Running is a highly dynamic and stressful form of exercise, where you put more than three times your bodyweight through your legs on each stride, and in 60 minutes lose 1-2kg in fluid, burn 500 calories and subject your legs to 4,000 strides. If you look at the demands placed on your body, it becomes apparent that you shouldn’t just run to get fit, but you should also get fit to run. One of the elements of physical conditioning you need to concentrate on is stability and good proprioception (your body’s awareness of itself in space). In running, this is predominantly looked at as the core, pelvis and lower limbs.
Your body has two kinds of muscles – the ones that produce a joint movement (movers), which are on the surface, and the deeper stabiliser muscles, which help to support the joints during a movement. If your body’s stabilisers are working well, then the movers can work more efficiently and the joint is subject to less force and stress, thus there is a reduced chance of injury. This also leads to good balance, because when you land on uneven surfaces, you are able to maintain good stability.
Room for improvement
If you look at what happens when you run and some of the problems you may have due to poor stability, it can give you an idea of where you can improve. For example, when you land on your foot and the knee bends, it may fall inward to the midline, which is common with poor gluteal muscles (butt) and week quadriceps (front thighs). The pelvis may drop out to the side or drop down, which is again a common sign of gluteal weakness. Also, your lower back may flex to the side or slightly extend, which can be due to poor core muscles. These poor movements generally occur from poor stability and can lead to knee injuries, hip pain, spinal discomfort or even Achilles problems.

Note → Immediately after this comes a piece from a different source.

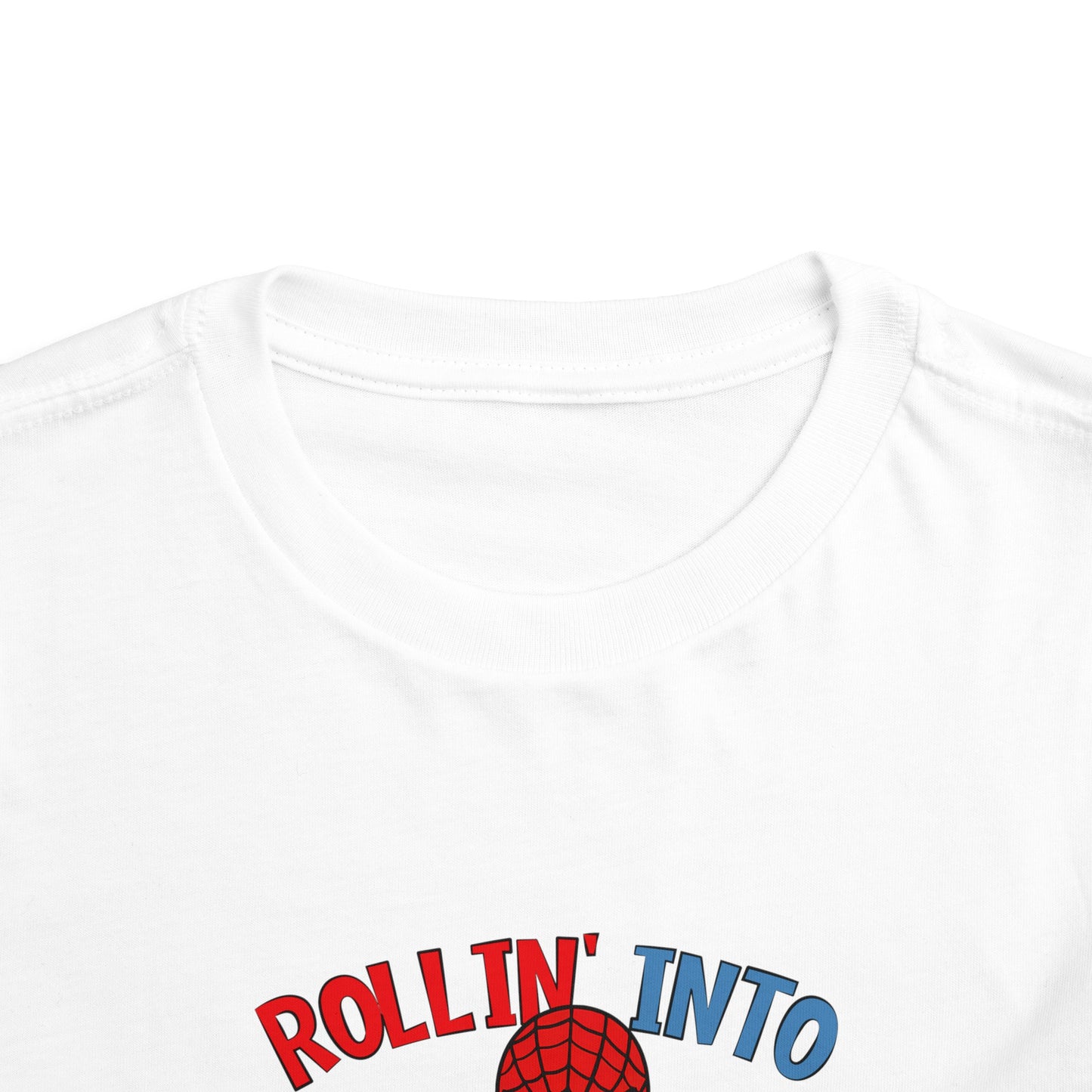 Rollin' Into Pre-K Toddler Short Sleeve Tee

To improve these common areas, you need to strengthen your core muscles, pelvic stabilisers and also improve the eccentric strength of the quadriceps, not neglecting your balance.
Through some simple exercises, you can improve these areas and help to reduce your chance of injury. There are many combinations of stability exercises, but here are four basic ones to start with, plus some simple progressions if they get too easy.
1 Single-leg balance
Stand on one leg with your eyes open for 30 seconds and then your eyes closed for 30 seconds. Try to progress to unstable surfaces, such as a BOSU or wobble board.
2 Lunges with knee lift
From a lunge position, stand up bringing your back knee forwards and up to your chest. Return leg to floor and repeat the lunge. Progress to walking lunges.
In a box position straighten out one leg and the opposite arm. Then bend your knee again, pulling it under your body, and touch your knee with your hand. Repeat on the other side. Repeat ten times on each side. To progress, try doing a set of ten on each side before changing sides.
4 Side leg lifts
Lie on your side with your legs straight and together. Raise your top leg and slowly bring back to start. Repeat ten to 20 times or until fatigued. Progress by using an exercise band around your legs.